Goal of the exercise: Please repeat the records below exactly, skipping any pictures.

Information provided:
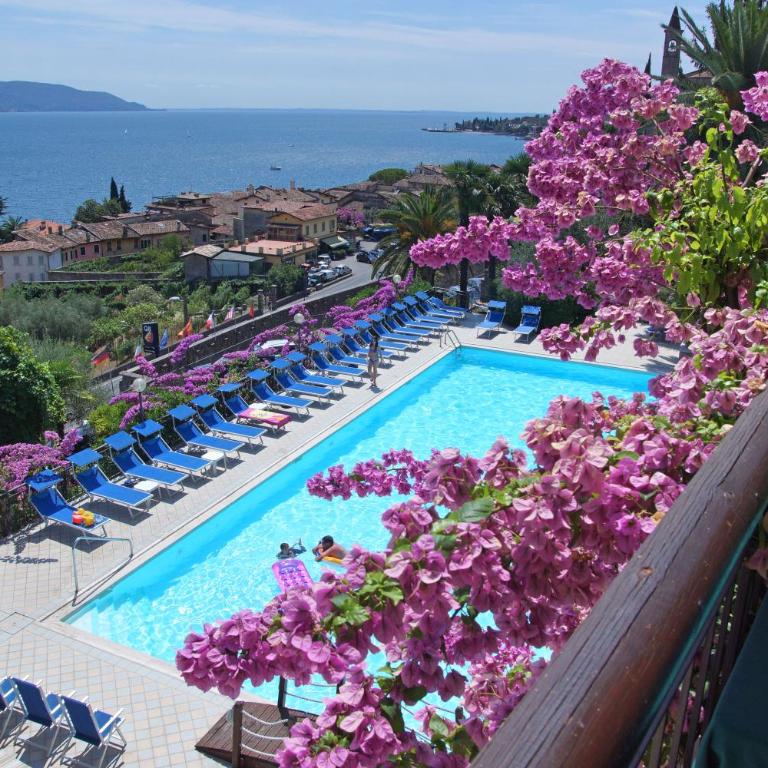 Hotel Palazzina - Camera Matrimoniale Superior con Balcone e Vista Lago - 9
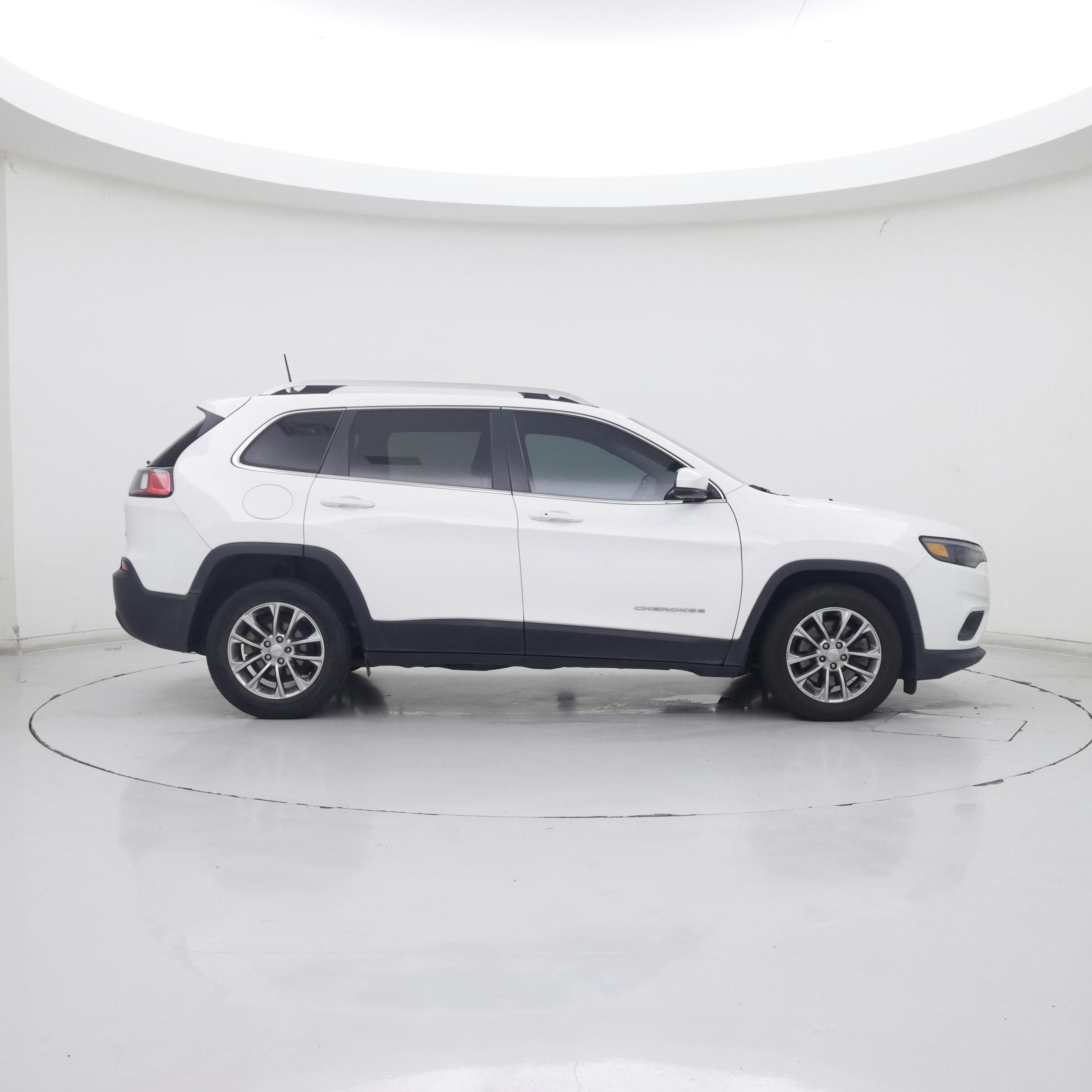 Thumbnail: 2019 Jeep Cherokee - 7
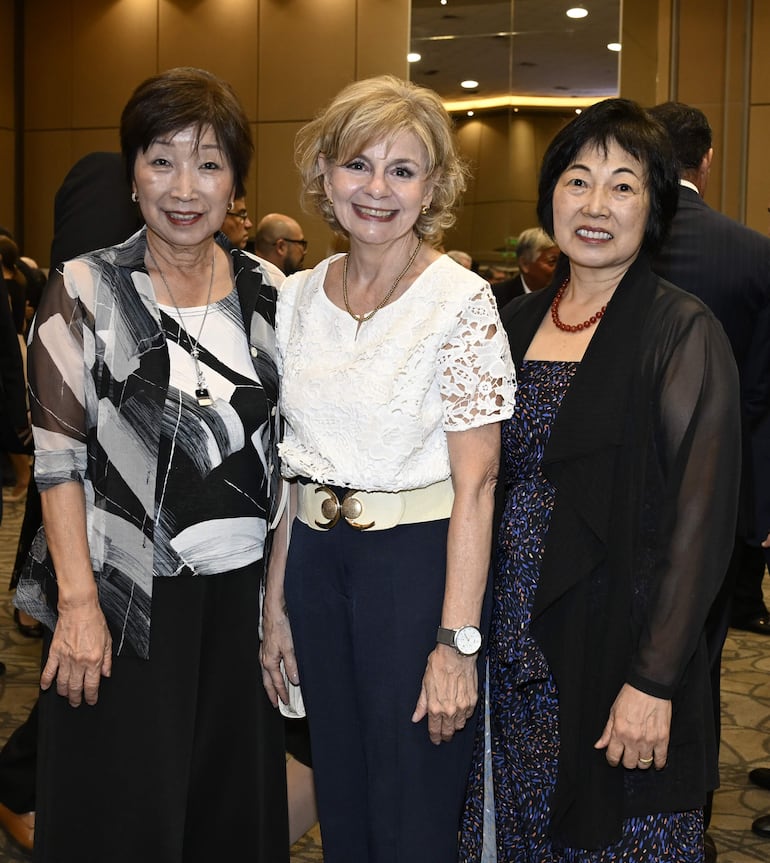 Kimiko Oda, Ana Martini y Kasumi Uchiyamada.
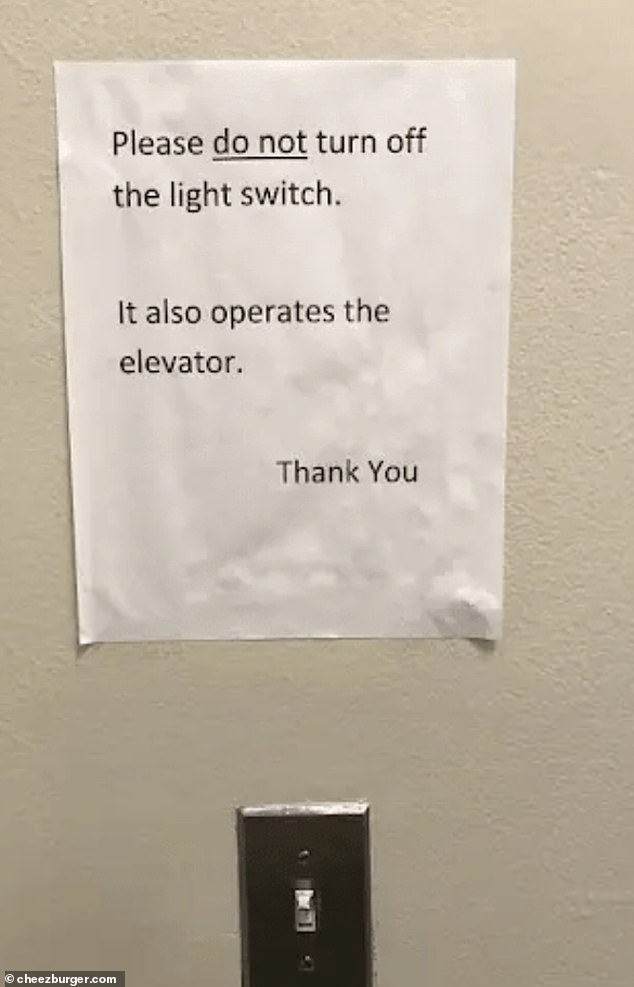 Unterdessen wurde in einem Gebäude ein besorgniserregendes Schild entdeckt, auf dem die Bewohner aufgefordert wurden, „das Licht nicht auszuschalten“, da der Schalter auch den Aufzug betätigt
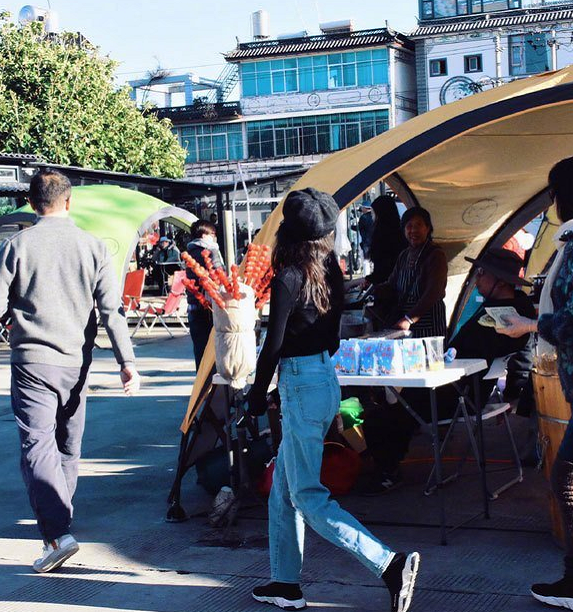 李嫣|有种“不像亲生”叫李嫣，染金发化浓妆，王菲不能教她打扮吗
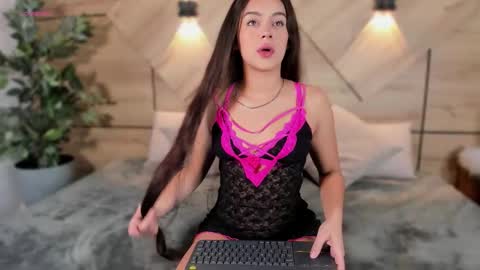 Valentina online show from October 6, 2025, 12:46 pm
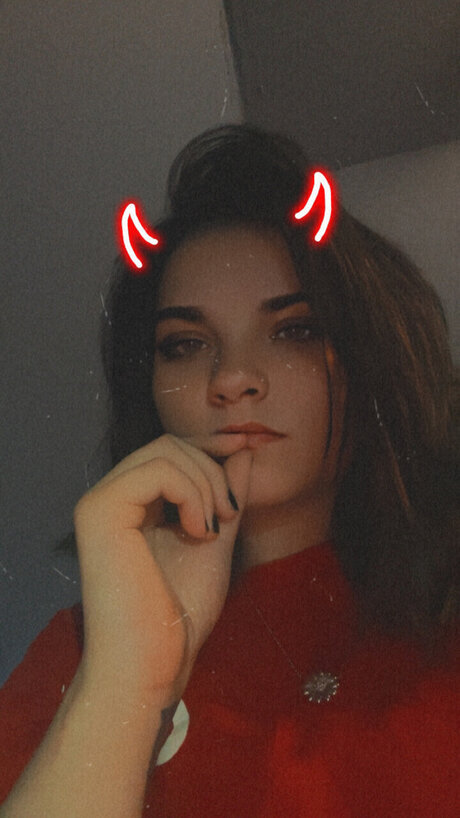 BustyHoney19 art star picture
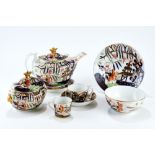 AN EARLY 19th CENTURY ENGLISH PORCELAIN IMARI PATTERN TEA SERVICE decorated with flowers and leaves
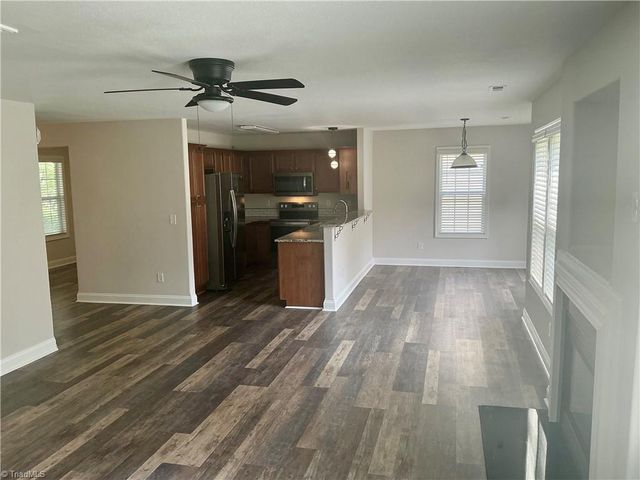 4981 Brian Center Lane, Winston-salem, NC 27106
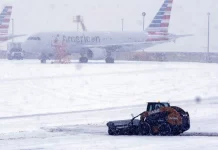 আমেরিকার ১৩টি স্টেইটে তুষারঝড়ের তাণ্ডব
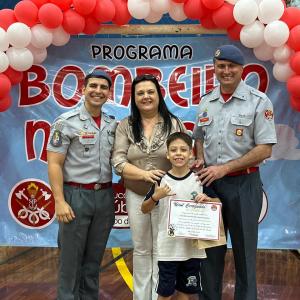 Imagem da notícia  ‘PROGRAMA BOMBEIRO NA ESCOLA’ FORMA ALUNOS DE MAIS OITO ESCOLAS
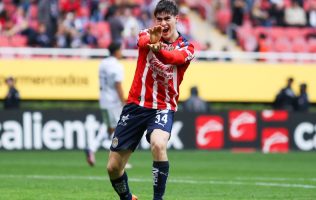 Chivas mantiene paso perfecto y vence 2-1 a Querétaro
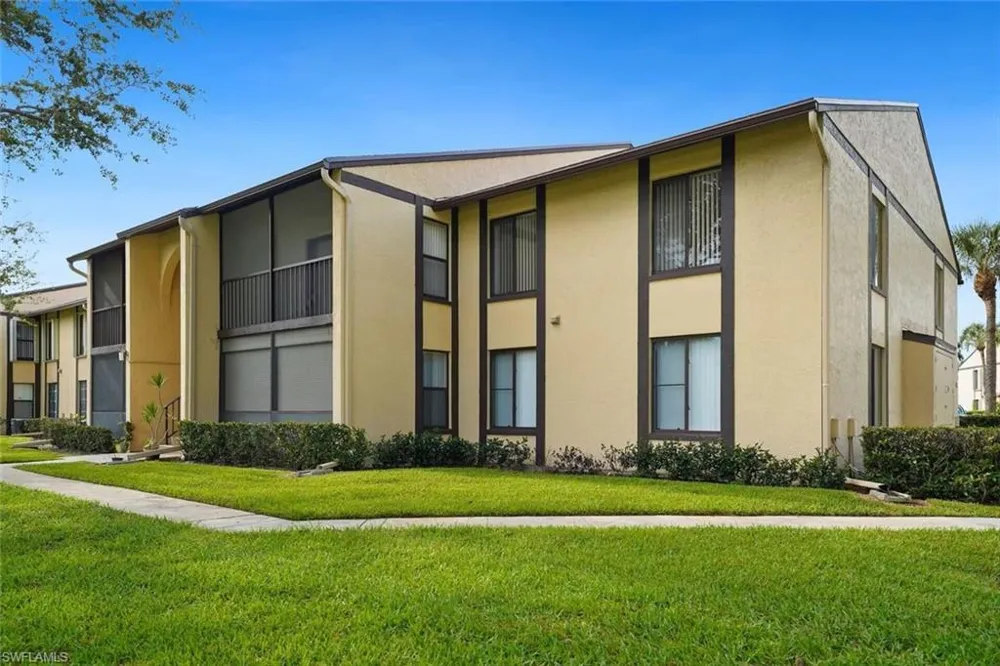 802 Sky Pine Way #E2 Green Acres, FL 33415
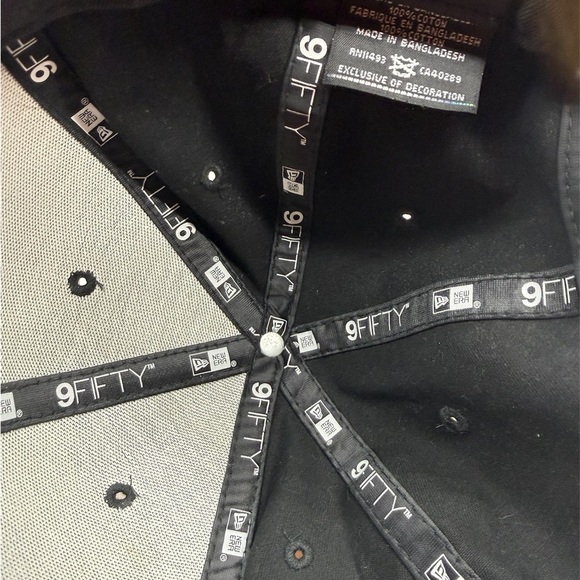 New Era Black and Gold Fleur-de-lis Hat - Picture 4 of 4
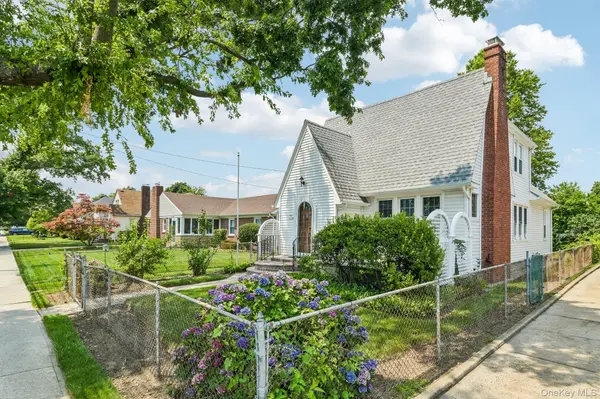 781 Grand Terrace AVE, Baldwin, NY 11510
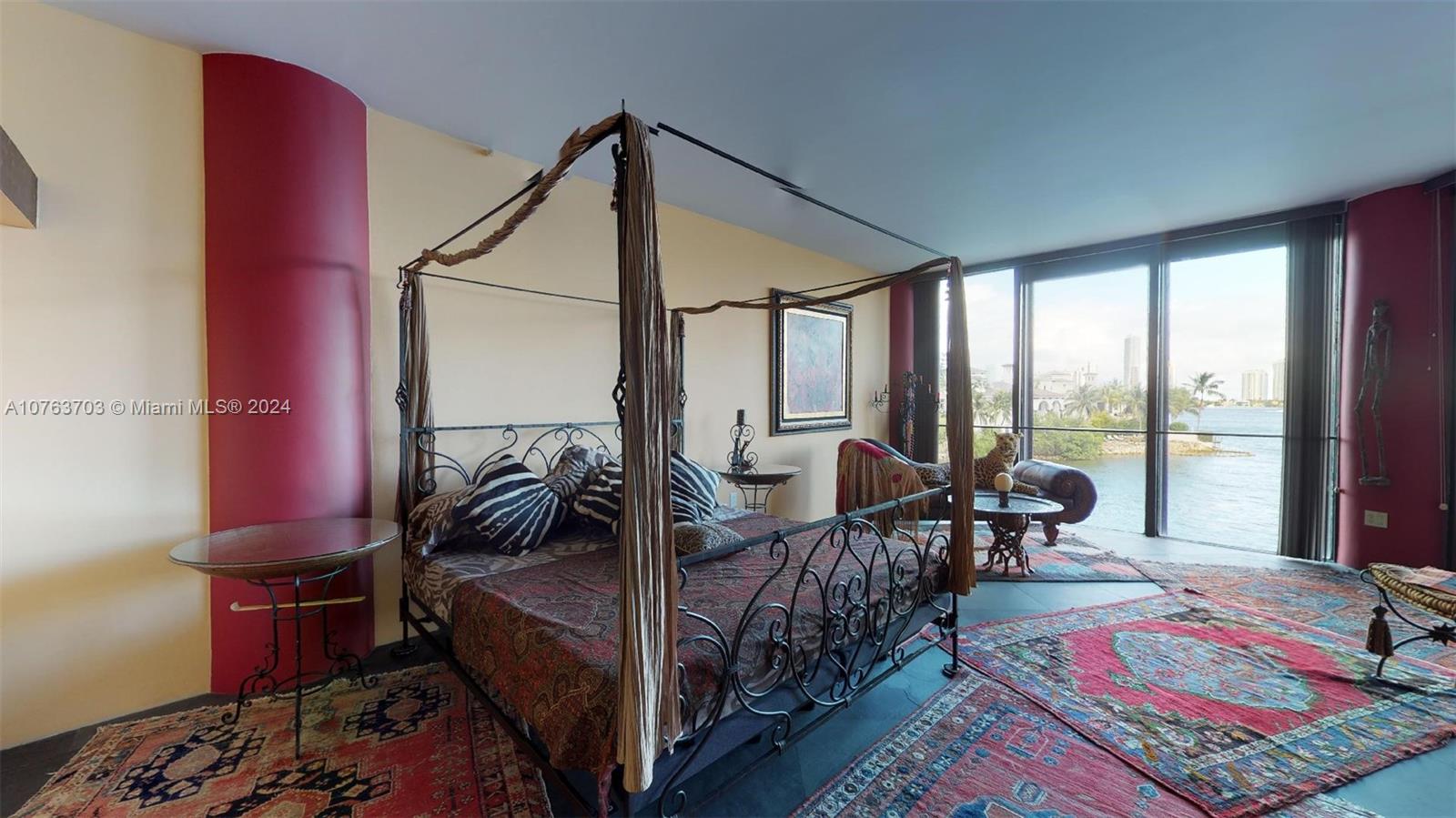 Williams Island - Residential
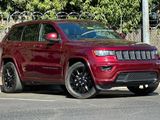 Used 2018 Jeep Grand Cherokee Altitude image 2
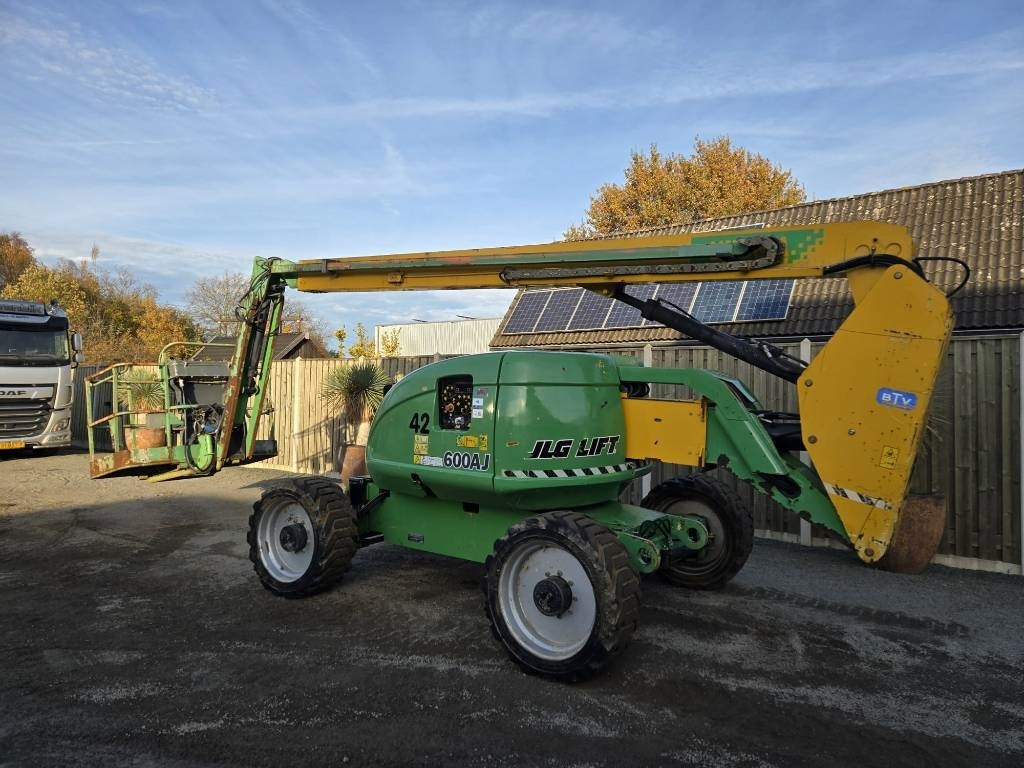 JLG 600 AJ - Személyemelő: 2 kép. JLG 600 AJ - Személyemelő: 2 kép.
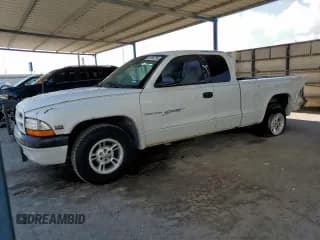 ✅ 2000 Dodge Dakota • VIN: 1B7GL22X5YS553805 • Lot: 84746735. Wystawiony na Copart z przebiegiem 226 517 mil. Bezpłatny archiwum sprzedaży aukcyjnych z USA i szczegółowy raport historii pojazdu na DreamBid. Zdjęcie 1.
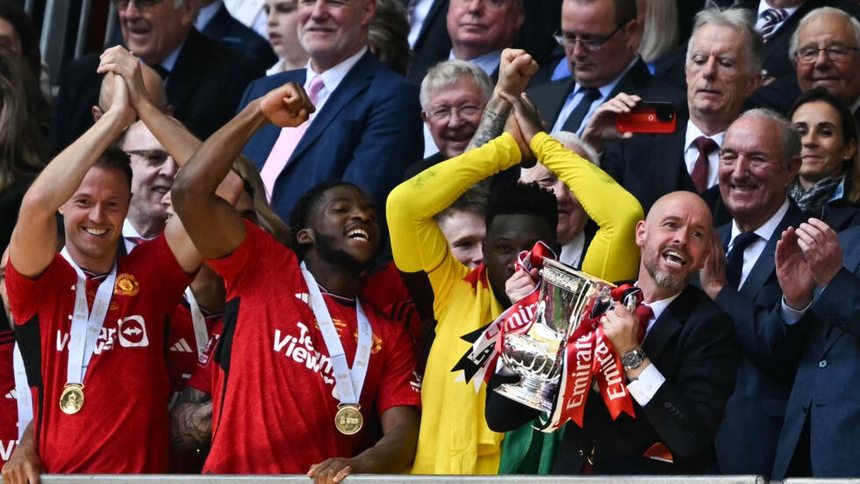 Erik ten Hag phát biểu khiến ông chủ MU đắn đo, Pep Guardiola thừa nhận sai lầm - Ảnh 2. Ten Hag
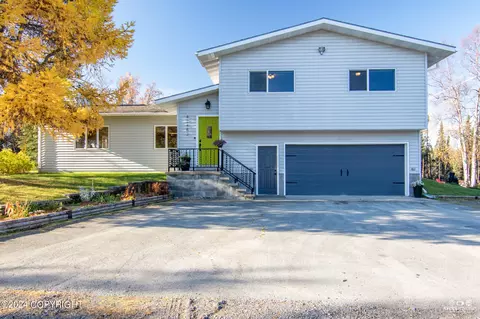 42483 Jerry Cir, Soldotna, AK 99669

Output for this exercise:
 Hotel Palazzina - Camera Matrimoniale Superior con Balcone e Vista Lago - 9
 Thumbnail: 2019 Jeep Cherokee - 7
 Kimiko Oda, Ana Martini y Kasumi Uchiyamada.
 Unterdessen wurde in einem Gebäude ein besorgniserregendes Schild entdeckt, auf dem die Bewohner aufgefordert wurden, „das Licht nicht auszuschalten“, da der Schalter auch den Aufzug betätigt
 李嫣|有种“不像亲生”叫李嫣，染金发化浓妆，王菲不能教她打扮吗
 Valentina online show from October 6, 2025, 12:46 pm
 BustyHoney19 art star picture
 AN EARLY 19th CENTURY ENGLISH PORCELAIN IMARI PATTERN TEA SERVICE decorated with flowers and leaves
 4981 Brian Center Lane, Winston-salem, NC 27106
 আমেরিকার ১৩টি স্টেইটে তুষারঝড়ের তাণ্ডব
 Imagem da notícia  ‘PROGRAMA BOMBEIRO NA ESCOLA’ FORMA ALUNOS DE MAIS OITO ESCOLAS
 Chivas mantiene paso perfecto y vence 2-1 a Querétaro
 802 Sky Pine Way #E2 Green Acres, FL 33415
 New Era Black and Gold Fleur-de-lis Hat - Picture 4 of 4
 781 Grand Terrace AVE, Baldwin, NY 11510
 Williams Island - Residential
 Used 2018 Jeep Grand Cherokee Altitude image 2
 JLG 600 AJ - Személyemelő: 2 kép. JLG 600 AJ - Személyemelő: 2 kép.
 ✅ 2000 Dodge Dakota • VIN: 1B7GL22X5YS553805 • Lot: 84746735. Wystawiony na Copart z przebiegiem 226 517 mil. Bezpłatny archiwum sprzedaży aukcyjnych z USA i szczegółowy raport historii pojazdu na DreamBid. Zdjęcie 1.
 Erik ten Hag phát biểu khiến ông chủ MU đắn đo, Pep Guardiola thừa nhận sai lầm - Ảnh 2. Ten Hag
 42483 Jerry Cir, Soldotna, AK 99669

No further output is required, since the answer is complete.